* **TO DO**:
Each line from the one that holds "昨日29日の CURTiA 2nd Anniversary Game のオープニング ①" to the end of the records is to be retyped exactly. Pictures are not part of the copy.

* **Extracted records**:
--------------------------------------------------

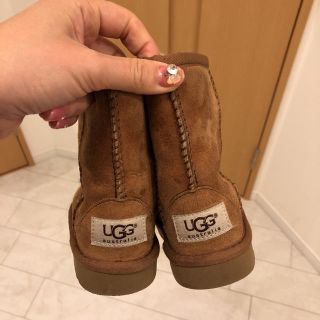 アグ(UGG)のUGG ブーツ 14.5センチ(ブーツ)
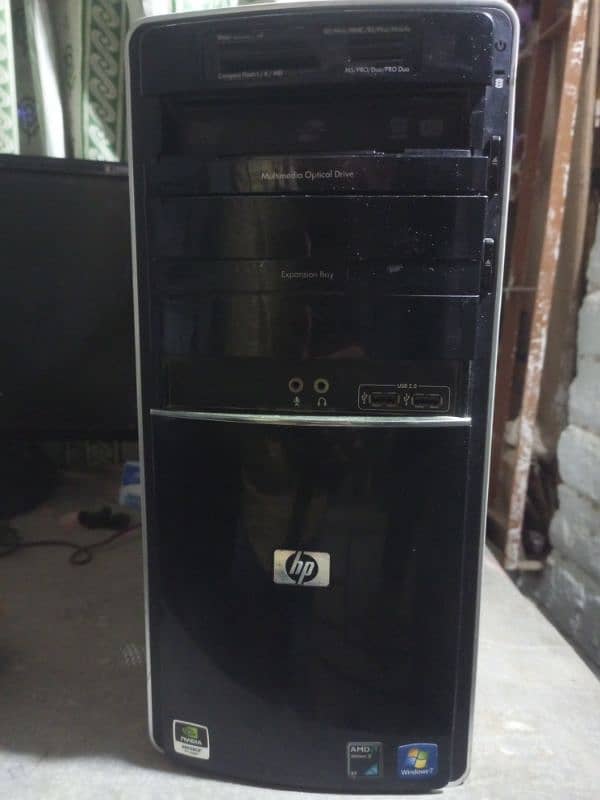 Amd x4 with keyboard,lcd 0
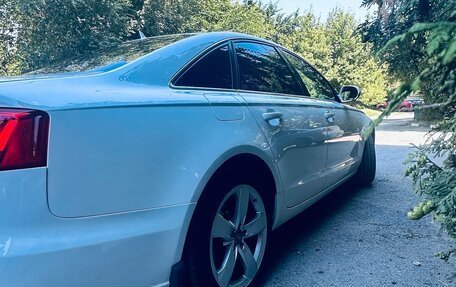 Audi A6, 2011 год, 1 750 000 рублей, 7 фотография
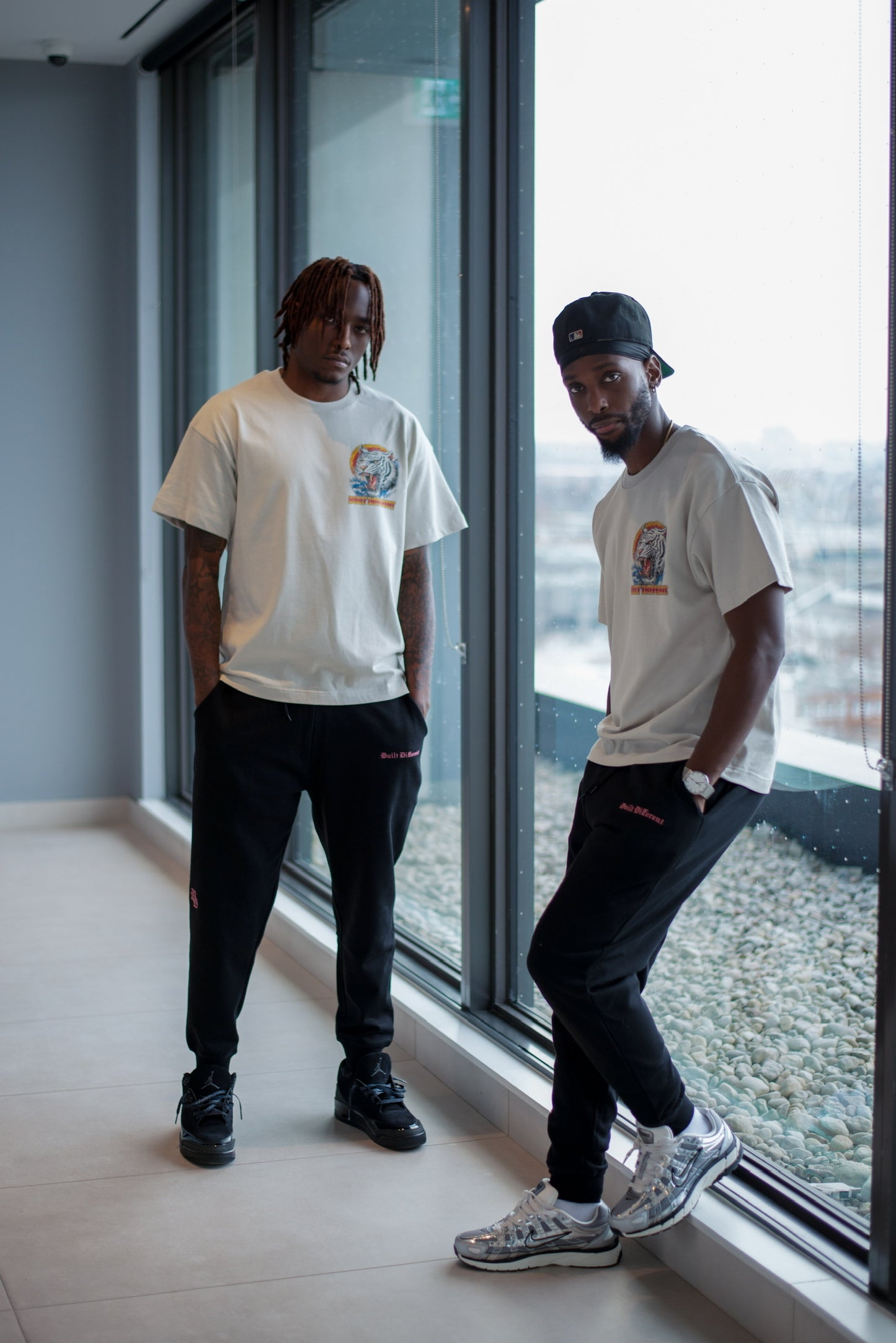 Roaring Tiger T-shirt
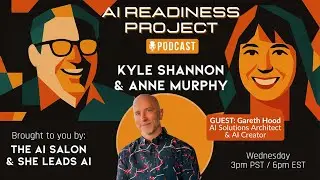 Built in an Hour: Gareth Hood's No-BS Approach to AI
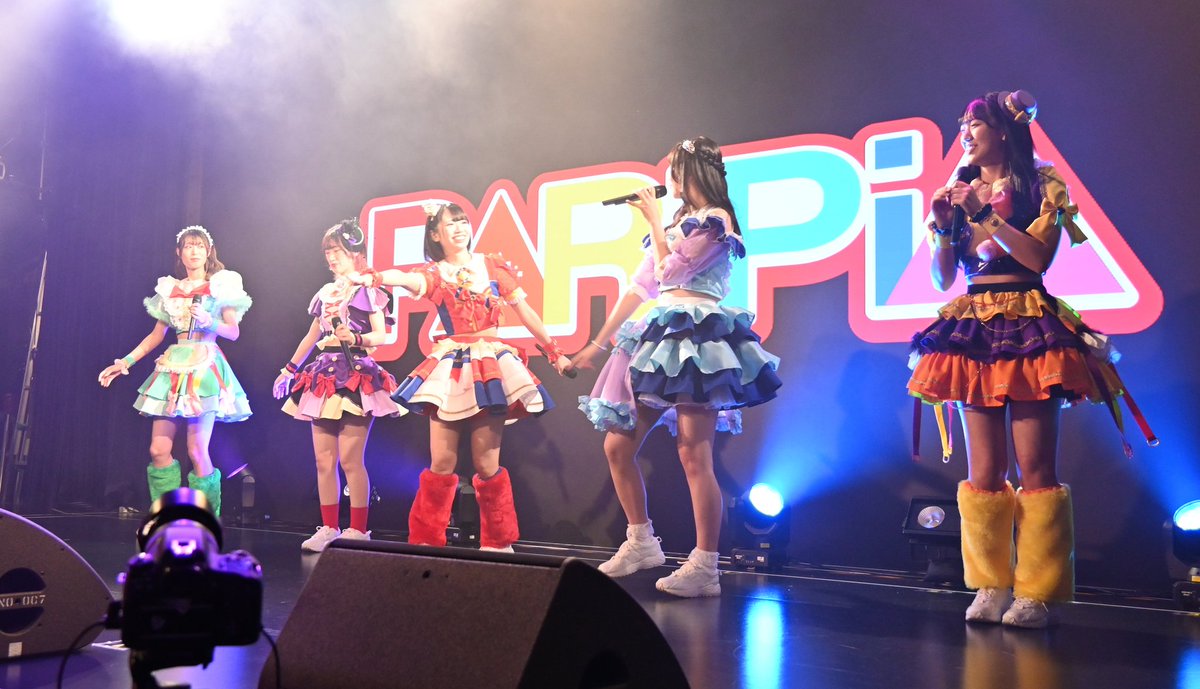 yama65kawa's tweet image. やっとカメラ📷からデーター取り込めた💦💦
#カルティア写真部 この後で
#CURT
昨日29日の CURTiA 2nd Anniversary Game のオープニング ①
#PARiPiA 
#パリピア写真部 から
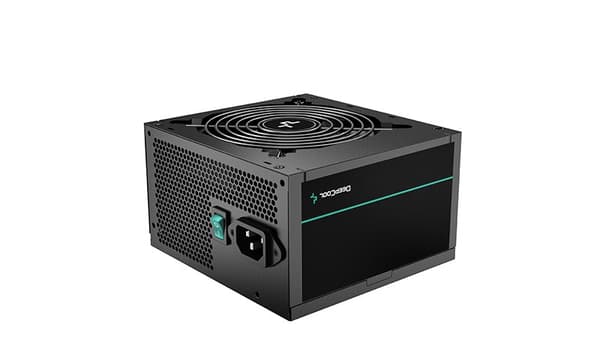 Deepcool | PM850D 80 PLUS GULD | 850 W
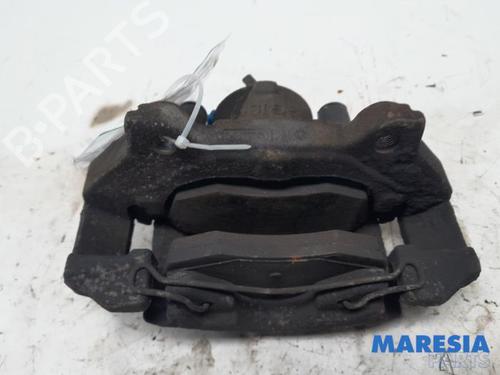Left front brake caliper FIAT PUNTO (199_) 1.3 D Multijet | BP31391738M105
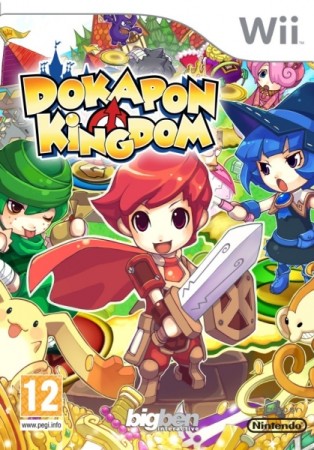 Dokapon Kingdom - Wii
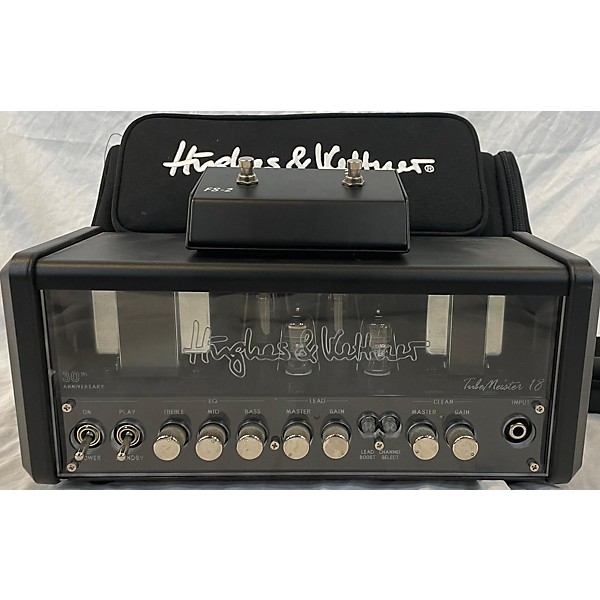 Used Hughes & Kettner Tubemeister 18 18W Tube Guitar Amp Head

--------------------------------------------------

* **SOLUTION FOR THIS TASK**:
昨日29日の CURTiA 2nd Anniversary Game のオープニング ①
#PARiPiA 
#パリピア写真部 から
 Deepcool | PM850D 80 PLUS GULD | 850 W
Left front brake caliper FIAT PUNTO (199_) 1.3 D Multijet | BP31391738M105
 Dokapon Kingdom - Wii
 Used Hughes & Kettner Tubemeister 18 18W Tube Guitar Amp Head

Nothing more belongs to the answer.